Lo cual, dicho sea de paso para enterrar torpes suspicacias, lejos de constituir un argumento únicamente en contra de la democracia supone un fortísimo argumento en contra de organizar la sociedad a través de lazos coactivos (en contra del Estado). No se trata de que las democracias sean tontas y de que, por tanto, las dictaduras sean listas: no, los regímenes dictatoriales se enfrentan a problemas de información análogos a los anteriores y, por ende, son tanto o más tontos que las democracias (de ahí que el socialismo sólo pudiera ser un rotundo fracaso). Del hecho de que las democracias no sean racionales sólo se deriva la prescripción de que el libre mercado debería ir reemplazando al Estado en cada vez mayores áreas, pues los mercados libres sí son capaces de manejar dinámica –prueba, error, rectificación– y descentralizadamente un volumen enorme de información.
Pero mientras nuestros políticos se piensan lo de desprenderse de su omnímodo poder, las recurrentes elecciones democráticas seguirán siendo irracionales.
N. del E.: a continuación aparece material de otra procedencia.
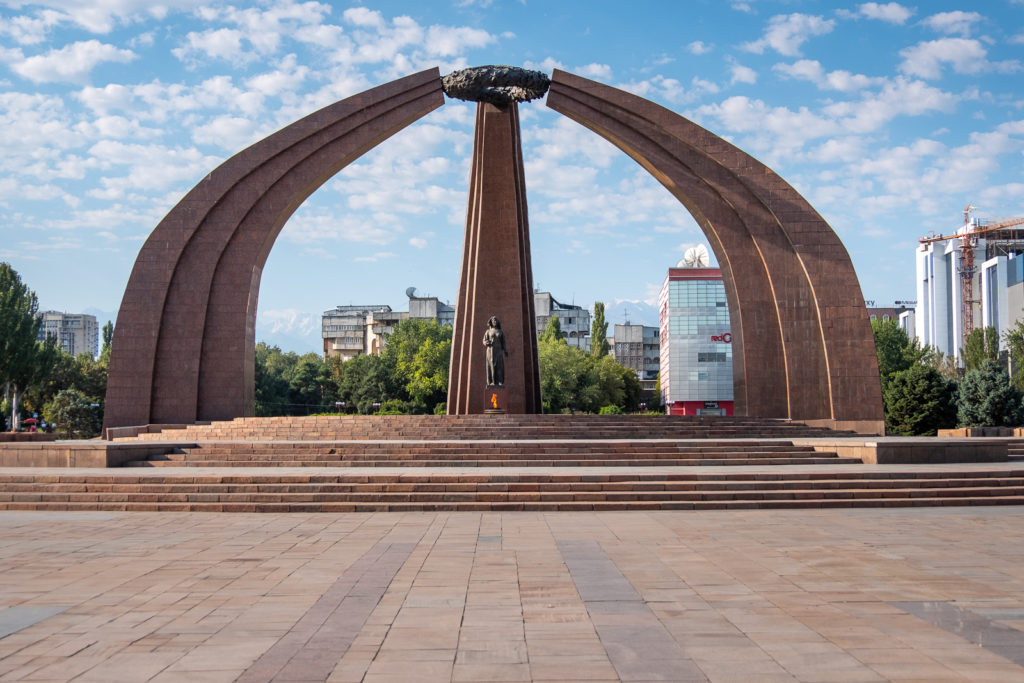 Victory Monument wide view - Bishkek, Kyrgyzstan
Ése fue el error de politólogo principiante que cometió el PP: por mucho que “tocara” ganar en Andalucía, los votantes bien podían optar en contra del cambio. Arenas se refugió, al muy rajoyano modo, en su despacho, no entró en la discusión ideológica, desatendió incluso la oportunidad de debatir en la televisión pública autonómica y, al final, perdió. El cambio que necesita Andalucía se hará esperar cuatro años o cuatro décadas más, quién sabe. Lo único seguro es que los andaluces, entre un socialista original (Griñán) y una copia socialista (Arenas), optaron por el primero. Tampoco habría sido para tanto.